У меня дорожная сумка, старые деревянные кости и четки. Сундук я тоже заберу. Он мне служил кроваткой, когда я была маленькой. Пережил пожар. Еще есть фотография, где я пока целая, рядом со мной сердитая Люка, хмурится из-под копны огненных волос, и еще одна — где мы все сидим на диване, Фрэн обнимает меня за плечи, рот у нее открыт — она собирается сказать что-то. Нет ничего, что я могла бы взять в память о Марине. Ни намека на то, какой она была, даже фотографии нет. Но можно ли тосковать о том, чего никогда не имел? это лишь фантомная боль.

Я шла по улице с двумя сестрами. Пес Розы бежал впереди, Люкин умный чемодан на колесиках катился сзади. На углу, где была когда-то лавка Эвансов, мы вызвали такси из автомата. На улице мы не встретили никого, ни единого человека.

Ты как одна-то останешься, Дол? — говорит Люка. Может, с нами на вокзал?

Я сказала ей, что мне нужно кое-что привести в порядок. Я поеду ночным поездом.

Как думаете, они Парснипа возьмут? — спросила Роза. Не то мне придется в город пешком переться.

Но таксист улыбнулся и погладил пса по голове.

Тесновато будет, сказал он. Только на сиденье его не пускайте.

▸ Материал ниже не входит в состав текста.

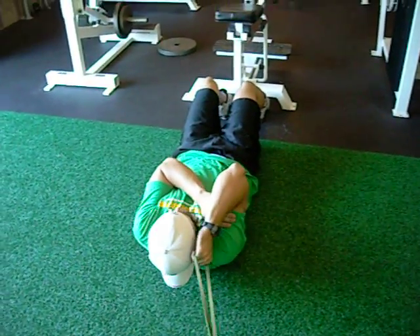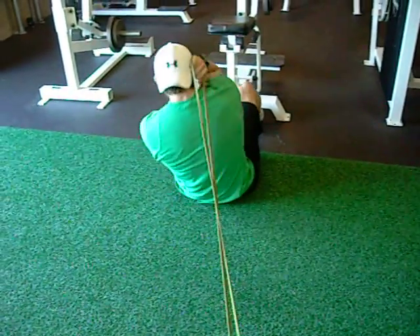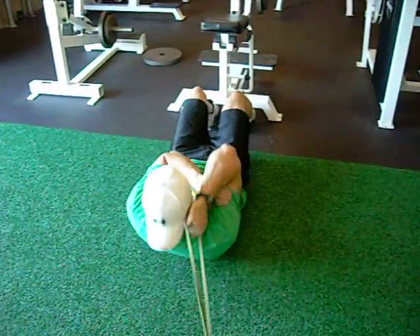Our next ab exercise is a crossover with a band. Come up and crunch to the opposite side.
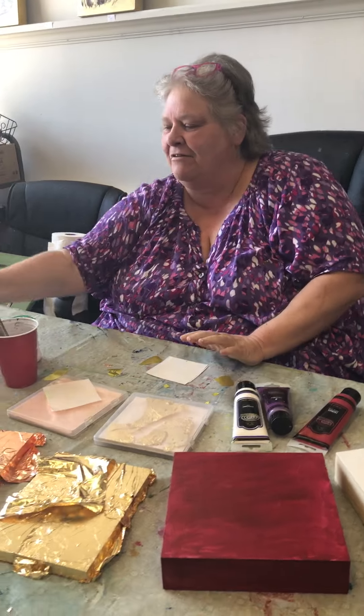Hey, come on in the studio. I wanted to show you how I get my metal leaf surfaces for my paintings.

На этот раз на нем была ковбойская шляпа. Дотронувшись до ее полей, он кивнул мне.

Ну как, нашли маму? — спросил он.

В том числе, подумала я, но не сказала ничего.

Так, девушки, куда вы меня везете? — спросил таксист, и они помахали мне на прощанье.

А потом я это сделала. Передвинула кровать в угол комнаты, а стол к окну. Как всегда было. Принесла с кухни стул. Отдернула занавески, чтобы в темноте проще было представить, что в доме Джексонов живут, там куча чумазых ребятишек и собака на крыльце. Я села там, где сидела с мамой, когда та занималась глажкой, а потом читала «Криминальные новости» и прятала их. Я вынула фотографию, которую дала мне Ева, и на обороте составила список.

Если бы мама не вышла из дома, я бы не обгорела

Если бы она не была должна Джо Медоре за квартиру

Если бы Фрэнки не проиграл те деньги

Если бы у нас все еще было кафе

Если бы Фрэнки не проиграл его

Если бы я была мальчиком

Если бы Фрэнки не проиграл меня

Места мне не хватило, но оставалось добавить только одно: обида может плясать, как пламя на ветру; пылать и пылать. Спросите Фрэн.